Jack Rutledge (left) John Copeland (middle) Wayne Brantley (right)
John Copleand was our Defensive Coordinator at Tuscaloosa Academy


“Courage is not the absence of fear, it is the overcoming of fear” 

“No man is worth his salt who is not ready at all times to risk his well being , to risk his body, to risk his life, in a great cause.” -Theodore Roosevelt

Well, I am sure you want to know about how the team turned out in 2007. We only won two games but it was one of the most fun and most rewarding seasons of my career. We had gone from 16 players the previous year to 23 players. I had contacted every boy in the school and asked them to try football. It paid off with the additions to the team. We were not that talented, but we had heart, toughness, character, and we loved each other. In our first game we played Southern Academy. They were stacked, they had size, speed, and numbers, and they had won three straight state championships. They were “bigger and stronger” than we were for sure. But, we approached that game with courage. When you are overmatched you have to find ways to gain small victories. Turn the game into a series of smaller battles that you can win. One of those areas was special teams. I had been studying Southern on film all summer and I knew we could run a kick-off back against them. I also believed we could get a surprise on-side kick. We prepared well and both happened. Christian Menard returned a kick-off 90 yards for a TD, Taylor Conant recovered a surprise on-side kick, and Jeremiah Tullidge hooked up with Tyler Shirley for a TD pass in the first half to keep it close. I am not usually a believer in “moral victories”, but that game was an exception. We lost the game, but I felt like we won the small battles and our team was “bought in” from that point forward! We were going to attack the season with courage!

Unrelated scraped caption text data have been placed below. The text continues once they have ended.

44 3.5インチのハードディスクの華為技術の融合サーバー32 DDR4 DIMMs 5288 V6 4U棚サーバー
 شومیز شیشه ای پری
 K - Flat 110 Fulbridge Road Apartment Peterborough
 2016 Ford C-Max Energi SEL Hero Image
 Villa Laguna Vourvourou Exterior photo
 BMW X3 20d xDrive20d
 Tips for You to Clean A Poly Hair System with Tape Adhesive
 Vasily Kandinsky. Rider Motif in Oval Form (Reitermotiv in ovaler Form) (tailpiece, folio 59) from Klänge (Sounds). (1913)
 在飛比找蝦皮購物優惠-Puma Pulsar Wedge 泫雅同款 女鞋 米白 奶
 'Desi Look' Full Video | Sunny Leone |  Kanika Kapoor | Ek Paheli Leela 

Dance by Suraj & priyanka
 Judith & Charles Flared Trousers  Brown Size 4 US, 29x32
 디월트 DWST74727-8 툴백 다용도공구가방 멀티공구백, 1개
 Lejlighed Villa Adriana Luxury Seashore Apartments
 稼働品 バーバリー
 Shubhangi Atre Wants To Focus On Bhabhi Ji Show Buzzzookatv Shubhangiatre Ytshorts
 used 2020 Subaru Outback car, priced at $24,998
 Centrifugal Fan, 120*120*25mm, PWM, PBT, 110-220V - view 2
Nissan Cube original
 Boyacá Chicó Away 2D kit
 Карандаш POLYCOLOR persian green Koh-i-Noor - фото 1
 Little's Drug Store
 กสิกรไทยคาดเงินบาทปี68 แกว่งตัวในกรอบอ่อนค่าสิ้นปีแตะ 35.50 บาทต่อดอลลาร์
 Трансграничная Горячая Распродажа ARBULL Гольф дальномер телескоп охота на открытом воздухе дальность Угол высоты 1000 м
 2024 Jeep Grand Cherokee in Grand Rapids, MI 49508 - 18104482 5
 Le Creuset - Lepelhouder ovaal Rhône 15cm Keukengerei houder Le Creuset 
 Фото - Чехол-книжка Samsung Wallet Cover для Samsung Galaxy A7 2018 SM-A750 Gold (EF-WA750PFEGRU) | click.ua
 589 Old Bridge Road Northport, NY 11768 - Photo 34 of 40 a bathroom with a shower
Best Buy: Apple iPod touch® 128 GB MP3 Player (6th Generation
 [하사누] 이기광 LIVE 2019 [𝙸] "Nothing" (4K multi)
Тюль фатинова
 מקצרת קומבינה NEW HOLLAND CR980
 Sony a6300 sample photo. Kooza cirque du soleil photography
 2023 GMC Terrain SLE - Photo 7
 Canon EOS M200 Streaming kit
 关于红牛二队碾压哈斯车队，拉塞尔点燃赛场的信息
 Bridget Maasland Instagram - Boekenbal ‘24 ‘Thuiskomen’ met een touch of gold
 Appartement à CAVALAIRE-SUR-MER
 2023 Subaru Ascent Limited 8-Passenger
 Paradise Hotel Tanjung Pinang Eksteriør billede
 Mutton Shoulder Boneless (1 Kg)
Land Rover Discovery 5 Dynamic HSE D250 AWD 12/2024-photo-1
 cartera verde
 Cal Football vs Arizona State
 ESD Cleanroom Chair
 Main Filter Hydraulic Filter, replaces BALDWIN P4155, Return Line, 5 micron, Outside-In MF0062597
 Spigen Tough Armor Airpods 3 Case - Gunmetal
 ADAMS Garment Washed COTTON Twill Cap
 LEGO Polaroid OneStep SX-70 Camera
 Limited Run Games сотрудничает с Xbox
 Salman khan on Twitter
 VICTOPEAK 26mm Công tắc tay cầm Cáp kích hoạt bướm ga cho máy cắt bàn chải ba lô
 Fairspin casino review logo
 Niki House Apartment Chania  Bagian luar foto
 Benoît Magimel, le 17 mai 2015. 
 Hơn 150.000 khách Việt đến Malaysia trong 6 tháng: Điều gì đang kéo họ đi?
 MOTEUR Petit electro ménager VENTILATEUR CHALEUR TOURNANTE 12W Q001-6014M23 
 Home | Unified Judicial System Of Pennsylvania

From my study of Nehemiah chapter 4 that season I learned that there are 4 ways to play with courage and defeat your opponent: 

“Don’t be afraid of them. Remember the Lord, who is great and awesome, and fight for your brothers, your sons and your daughters, your wives and your homes”. Nehemiah 4:14

Leadership is an absolute must on a team. Tuscaloosa Academy had a really cool tradition that I totally embraced when I arrived in 2007. The Captain’s Dinner. Team captains would be elected during pre-season practice and a banquet would be held for the team, cheerleaders, and parents to honor the elected captains. It was an awesome thing! I took full advantage of it to promote the qualities of a Knight and what a team captain should be. The banquet was also a great opportunity to get in front of the parents and brag on the team before our first game and get everyone excited! Over the years the expectations, qualifications, and role of the team captains grew and I expanded it even more once I left TA for Landmark in 2011. I would strongly encourage you to have “permanent” team captains. Here are some thoughts on team captains that you should consider for your team:

Our first win was in game three over Edgewood Academy, 38-21. Edgewood had beaten TA 48-0 the season before. We were very physical and ran the ball right at them, we controlled the clock and frustrated their high powered offense. Shane Gilliland had a long run for a TD after catching a screen pass and Jeremiah Tullidge made several great plays on zone reads. Garrett McGiffert was all over the field on defense! It was a sweet win! Our second win came over Lee-Scott Academy 14-12 in game eight. Lee-Scott had beaten TA 38-7 in 2006. We blocked an extra point and a game winning field goal attempt on the last play of the game. A big thanks to Doug Randle and Omari Horne for getting a great push and making the play! It was a memorable night for sure. I have always read that it takes three to five years to change a culture. I firmly believed we were well on our way, maybe even a little ahead of schedule!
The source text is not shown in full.